飛行機を強制着陸させちゃったお兄さんのこと

先週、マスクをするのを拒否してすったもんだのやり取りの挙句、飛行機を強制着陸させてしまったお兄さんがいました。

昨日は同じようなことで離陸前に機内からつまみ出された人がいたとか。

う~ん。

実は私もマスクは嫌い。
好き嫌いの嫌いというよりは、マスクをしているとなんだか具合が悪くなる。
でも、それが病気だかどうかはわかりませんよ。
だから一人の時はマスクはしない。
そういう点では、マスクをしたくない人の気持ちはわかります。

また、特に昨今の自粛要請に従わない人をいろいろ揶揄する風潮も気になります。
いわゆる自粛警察の皆様方のお話ですね。
皆と同じ態度をとらない人を問題視するような感覚は、正直おかしいと思います。

でも、だからと言って無視はできません。
昨日の夜、湯上りに冷蔵庫をのぞいたらビールがない。
どうしても飲みたいので徒歩10分のコンビニに出かけました。
そうしたらお店に入る直前に気が付いた。
「マスク忘れた。」

さあ、どうしましょう。
お店に入るときはマスクは必需品。
でも、10分歩いてお家には戻りたくない。
そして、ビールが飲みたい。

そこで私、マスクなしでコンビニに入りました。
そしてかごを持ってビールを入れて、一緒にマスクを入れました。
そう、マスクを切らしちゃったんで買いにきました的なおじさんになったのです。
なんでそんなに気を使わなければならないのかなあ。
ありがたいことにレジのお兄さんは黙ってお会計を済ませてくれました。

マスク、当面足りてるんですけど、7枚入りだから、まあ、そのうち使うでしょう。

ということで、なんだか自分が悲しくなったのです。

だから、マスクをしなければならない風潮に異議を唱えるお兄さんの気持ちはよく解かります。

でも、お兄さん、やっぱダメだろうなあ。
気持ちはわかるけど同情も同調もできない。

なぜなら、飛行機の中は議論の場でもなければ個人の見解を主張する場でもないからです。

マスクをするのは「協力要請」だから、拘束力はない。

とか何とか言ったって、飛行中にトラブル起こして、前方のギャレーにまで行ってクルーともめてたっていうじゃないですか。
まあ、当然アウトでしょうね。

鉄道も航空もそうですが、輸送の現場には輸送を預かる責任というものがありますから。
協力要請だとか努力義務だとか言われて罰則があるなしにかかわらず、問題がある人、あるいは問題を起こしそうだとクルーが判断したら飛行機には乗れません。
ただそれだけのことです。
離陸前に散々もめて、飛行中にがたがた言い始めたら、私が機長だったらやっぱり途中で緊急着陸しますね。
なぜならば、当然のことですが、お客様はその人ひとりじゃありませんし、このまま飛行し続けたら目的地まで安全が維持できないと考えられるからです。

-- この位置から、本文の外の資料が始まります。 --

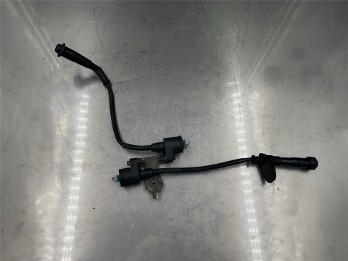 XRV750 RD04 Zündspule Set Africa Twin hinten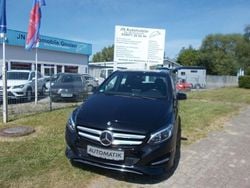 Schwarz Gebraucht 2017 Mercedes B220 AMG Van / Kleinbus | 18.999 € (Fairer Preis)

離陸前に散々もめて、離陸したら席を立って前方のギャレーにやってきて自分の主義主張を延々とクルーに言っているとすれば、完全に業務妨害でしょうし、そういうお客は何をするかわかりませんから、いつクルーにつかみかかるかもしれない。クルーは電話で操縦室の機長に状況を報告しているけど、こういう時は機長が操縦室のドアを開けて機内の様子を確認するなんてことはできませんから、CAさんからのインターホンの内容だけで状況を判断して決断しなければなりません。

「そのお客様の座席番号は?」
「21Cです。」
「ああ、離陸前からもめていた人ね。」
「はい。」
「で、今はまだもめてるの?」
「はい。」
「収まりそうにない?」
「ちょっと難しいです。」
「もう一度警告出して座席に戻るように要請して。」
「やりましたが、聞いていただけません。」

とまあ、暗号を交えてこんな感じでインターホンでやり取りして判断しなければなりません。
そして機長が下したのが緊急着陸という判断です。

つまり、お兄さんが言いたいことはわかるし、正しいかもしれませんが、飛行機の中は議論をする場所でもなければ、お兄さんの主義主張や見解を聞く場でもないのです。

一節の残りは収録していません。